A total of 60% of the annual price of the indents will be paid by the services to the new defence public sector undertakings as mobilisation advance, said another official. “Mobilisation advance worth over ₹7,100 crore for the financial year 2021-22 has been paid to the DPSUs by the respective indentors,” he added.

Ordnance factories were engaged in the production of tanks, armoured personnel carriers, mine protected vehicles, bombs, rockets, artillery guns, anti-aircraft guns, parachutes, small arms, clothing and leather equipment for soldiers.

The government expects the seven new professionally managed entities to increase their share in the domestic market through better capacity utilisation and also tap new export opportunities.

During the last two decades, various high-level committees underlined the need to improve the functioning of OFB and making its factories vehicles of self-reliance for the country’s defence preparedness.
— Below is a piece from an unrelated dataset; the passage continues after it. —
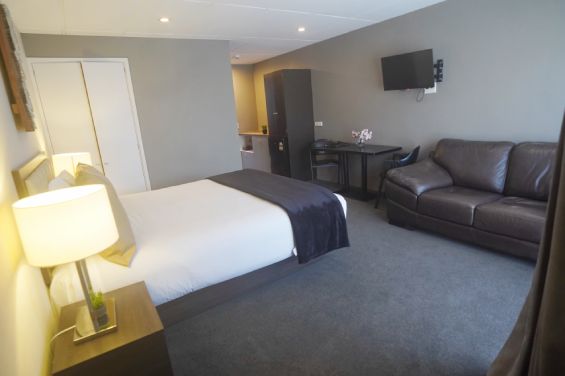 Queen Studio bed and lounge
The Comptroller and Auditor General also raised questions about the quality of products supplied by OFB and its overall performance in several past reports.

The factories controlled by the board employed at least 70,000 people who have been against the move to corporatize it.

The All-India Defence Employees Federation is among the four workers’ associations that have decided to boycott the official inauguration of the new companies on October 15, even though the government said there would be no change in the service conditions of the OFB employees and it was committed to safeguarding their interests.

All OFB employees (Group A, B and C) from different production units have been transferred to the corporate entities on deemed deputation for an initial period of two years without changing their service conditions as government employees.

In 2017, the government took action against 13 senior defence ministry bureaucrats from the Indian Ordnance Factories Service for the repeated failures of the ordnance factories to meet the shortfall in ammunition and poor quality of products.